If ports are open the output should look like this:

> nmap -p 88 -sU kdc.com

PORT STATE SERVICE
88/udp open kerberos-sec

In my case, all ports were opened and reachable, except for 88/udp which state was open|filtered. I was suspecting that it happened due to the complexity of the Company network, but it's just an assumption. Unfortunately, I was not able to put a finger on why exactly connection to 88/udp was not happening so I decided to move on with a different approach.

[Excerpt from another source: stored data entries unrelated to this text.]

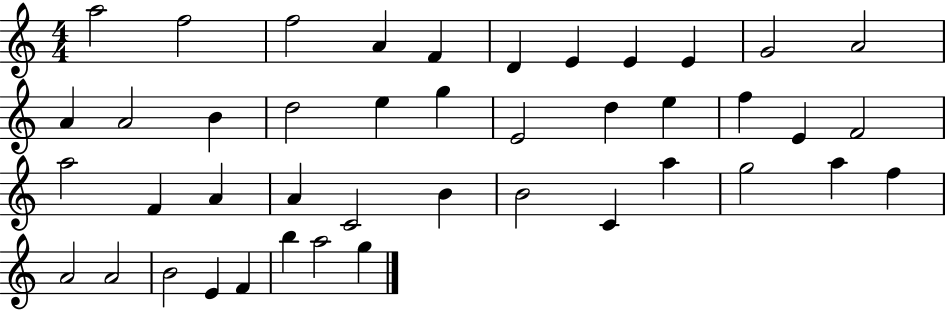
{
  \clef treble
  \numericTimeSignature
  \time 4/4
  \key c \major
  a''2 f''2 | f''2 a'4 f'4 | d'4 e'4 e'4 e'4 | g'2 a'2 | \break a'4 a'2 b'4 | d''2 e''4 g''4 | e'2 d''4 e''4 | f''4 e'4 f'2 | \break a''2 f'4 a'4 | a'4 c'2 b'4 | b'2 c'4 a''4 | g''2 a''4 f''4 | \break a'2 a'2 | b'2 e'4 f'4 | b''4 a''2 g''4 | \bar "|."
} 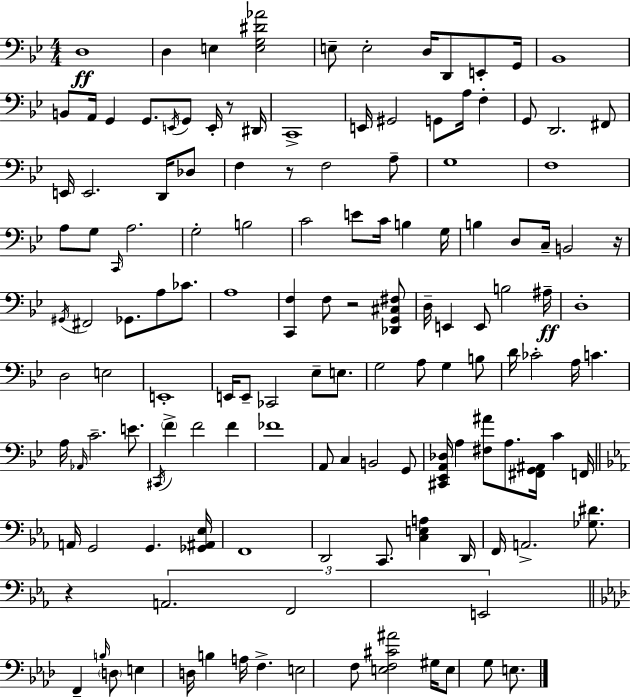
{
  \clef bass
  \numericTimeSignature
  \time 4/4
  \key bes \major
  \repeat volta 2 { d1\ff | d4 e4 <e g dis' aes'>2 | e8-- e2-. d16 d,8 e,8-. g,16 | bes,1 | \break b,8 a,16 g,4 g,8. \acciaccatura { e,16 } g,8 e,16-. r8 | dis,16 c,1-> | e,16 gis,2 g,8 a16 f4-. | g,8 d,2. fis,8 | \break e,16 e,2. d,16 des8 | f4 r8 f2 a8-- | g1 | f1 | \break a8 g8 \grace { c,16 } a2. | g2-. b2 | c'2 e'8 c'16 b4 | g16 b4 d8 c16-- b,2 | \break r16 \acciaccatura { gis,16 } fis,2 ges,8. a8 | ces'8. a1 | <c, f>4 f8 r2 | <des, g, cis fis>8 d16-- e,4 e,8 b2 | \break ais16--\ff d1-. | d2 e2 | e,1-. | e,16 e,8-- ces,2 ees8-- | \break e8. g2 a8 g4 | b8 d'16 ces'2-. a16 c'4. | a16 \grace { aes,16 } c'2.-- | e'8. \acciaccatura { cis,16 } \parenthesize f'4-> f'2 | \break f'4 fes'1 | a,8 c4 b,2 | g,8 <cis, ees, a, des>16 a4 <fis ais'>8 a8. <fis, g, ais,>16 | c'4 f,16 \bar "||" \break \key ees \major a,16 g,2 g,4. <ges, ais, ees>16 | f,1 | d,2 c,8. <c e a>4 d,16 | f,16 a,2.-> <ges dis'>8. | \break r4 \tuplet 3/2 { a,2. | f,2 e,2 } | \bar "||" \break \key f \minor f,4-- \grace { b16 } \parenthesize d8 e4 d16 b4 | a16 f4.-> e2 f8 | <e f cis' ais'>2 gis16 e8 g8 e8. | } \bar "|."
}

This is the place where krb5.conf property called udp_preference_limit came to my rescue. This property set the limit in bytes after which TCP protocol will be used since it's 1 – all connections to KDC will be using TCP instead of UDP.

[libdefaults]
    default_realm = TEST.CONFLUENT.IO
    ticket_lifetime = 90000
    renew_lifetime = 432000
    renewable = true
    noaddresses = TRUE
    allow_weak_crypto = TRUE
    udp_preference_limit = 1

In the end it helped and connection to the Kafka server was succefully established.